What to produce:
Reproduce the records word for word, apart from the images they contain.

Record excerpts:
►
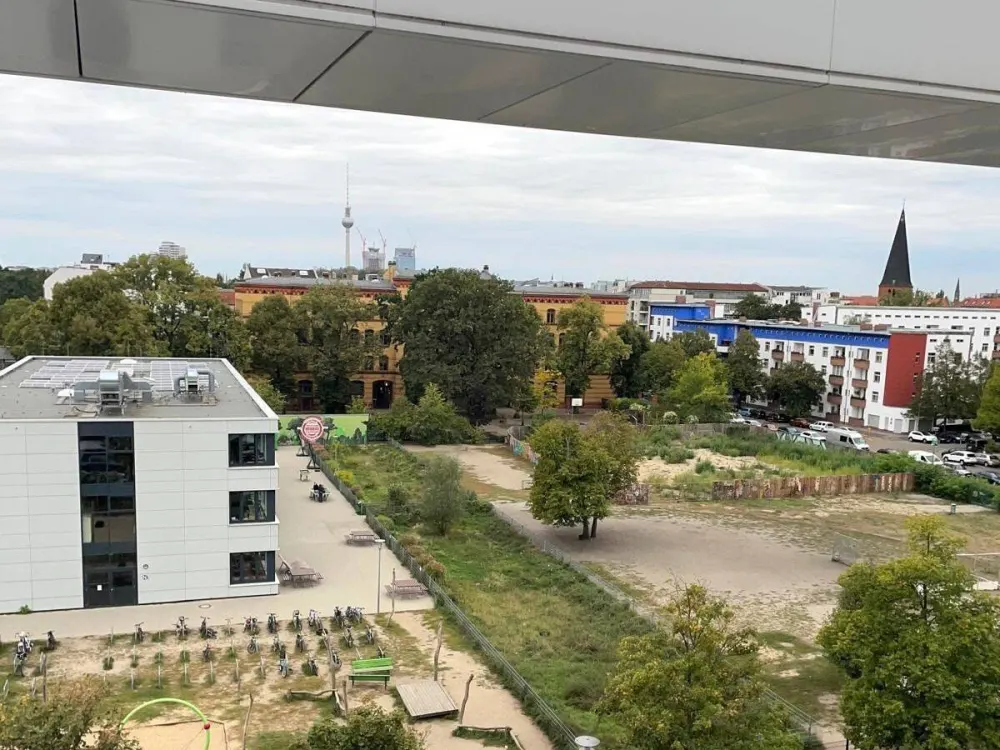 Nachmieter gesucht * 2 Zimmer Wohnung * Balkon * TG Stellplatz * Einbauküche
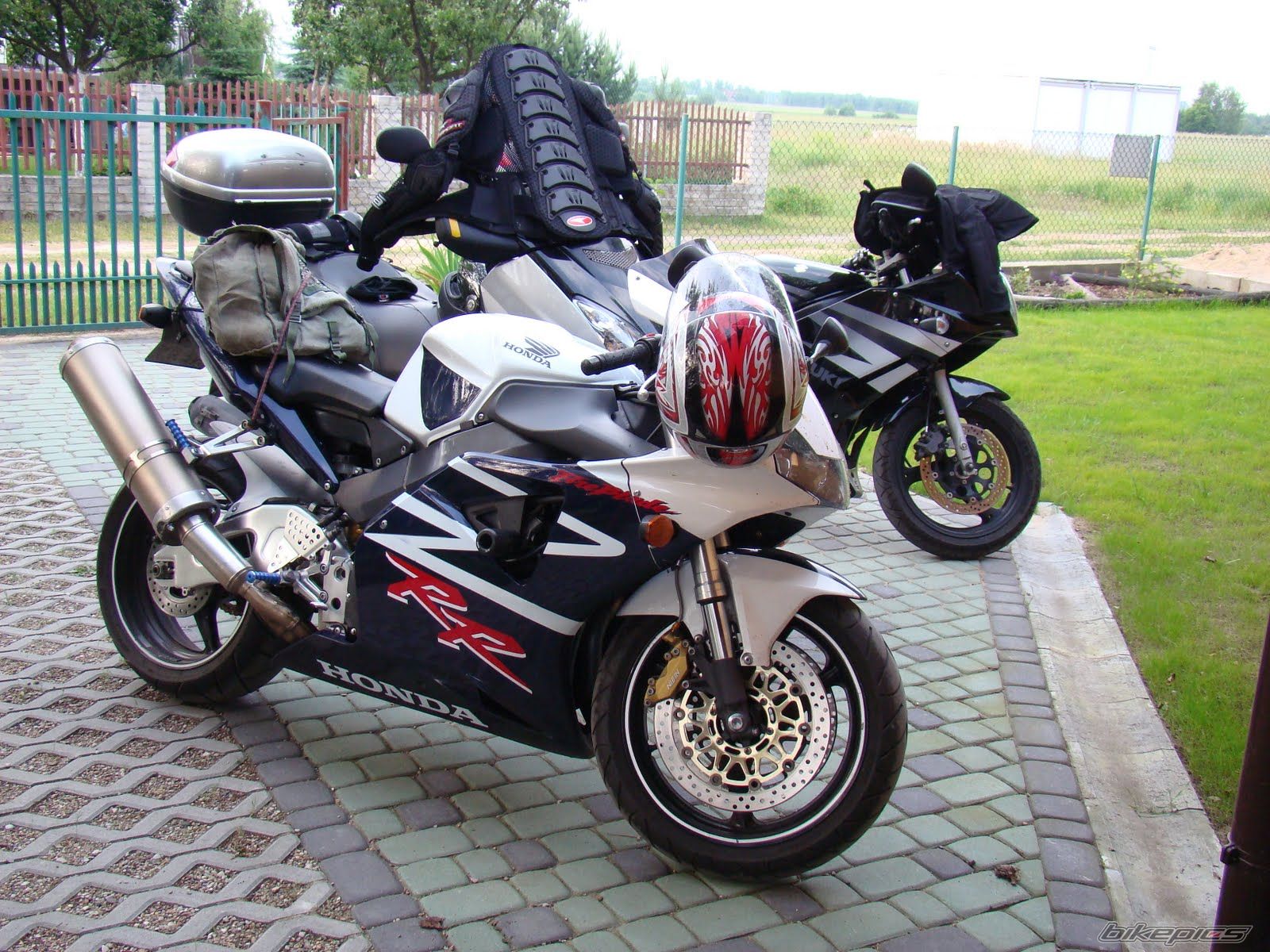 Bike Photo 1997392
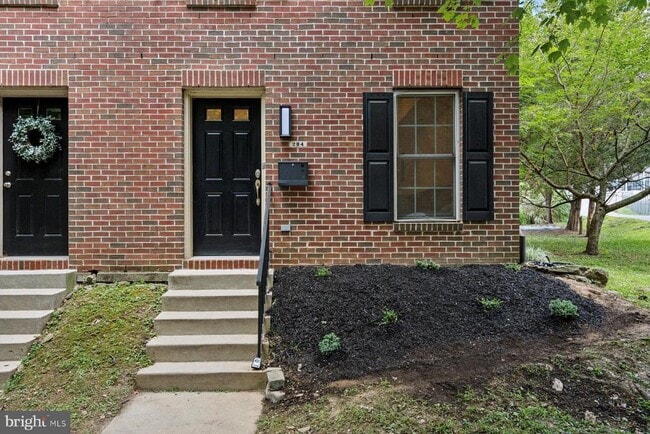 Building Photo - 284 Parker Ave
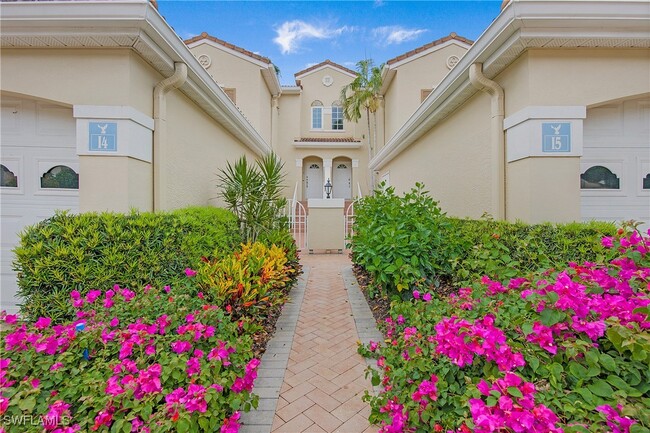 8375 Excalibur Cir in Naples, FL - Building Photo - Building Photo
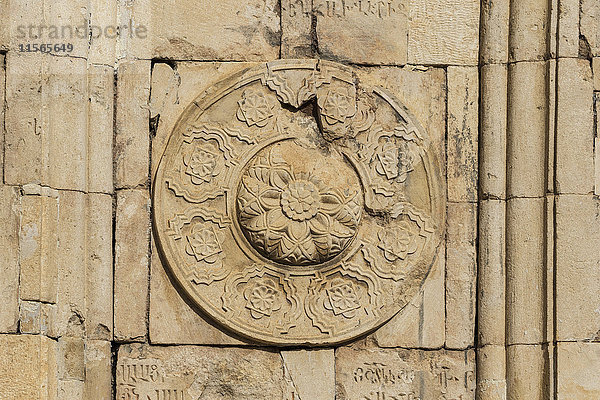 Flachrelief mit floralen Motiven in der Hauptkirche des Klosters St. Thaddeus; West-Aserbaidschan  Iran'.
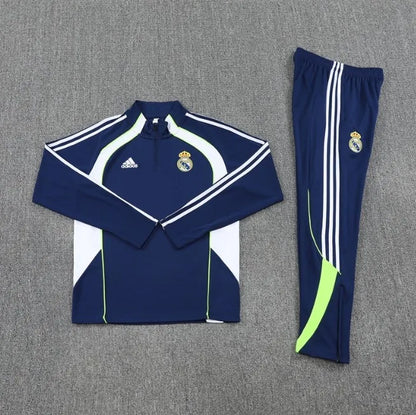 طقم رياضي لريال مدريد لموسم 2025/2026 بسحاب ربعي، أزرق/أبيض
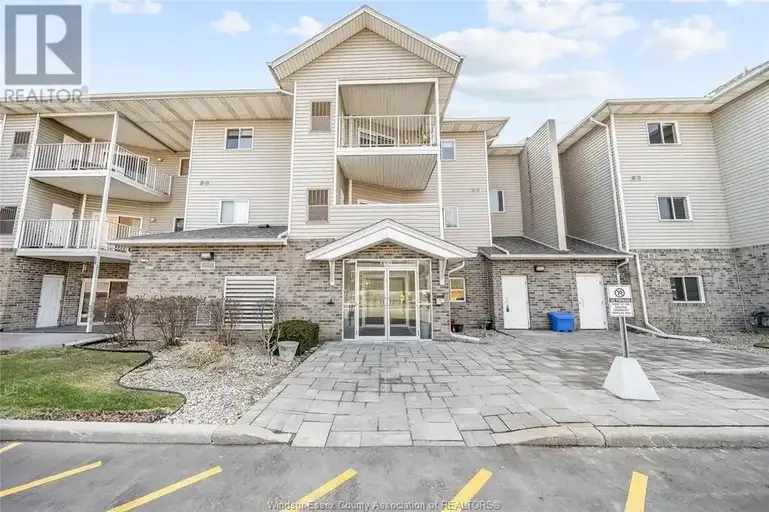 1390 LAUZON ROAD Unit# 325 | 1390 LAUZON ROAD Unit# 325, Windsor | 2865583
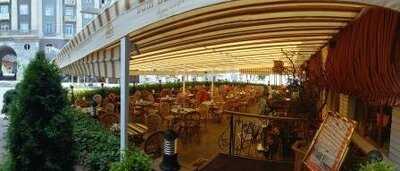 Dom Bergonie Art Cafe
◄
Result of this exercise:
 Nachmieter gesucht * 2 Zimmer Wohnung * Balkon * TG Stellplatz * Einbauküche
 Bike Photo 1997392
 Building Photo - 284 Parker Ave
 8375 Excalibur Cir in Naples, FL - Building Photo - Building Photo
 Flachrelief mit floralen Motiven in der Hauptkirche des Klosters St. Thaddeus; West-Aserbaidschan  Iran'.
 طقم رياضي لريال مدريد لموسم 2025/2026 بسحاب ربعي، أزرق/أبيض
 1390 LAUZON ROAD Unit# 325 | 1390 LAUZON ROAD Unit# 325, Windsor | 2865583
 Dom Bergonie Art Cafe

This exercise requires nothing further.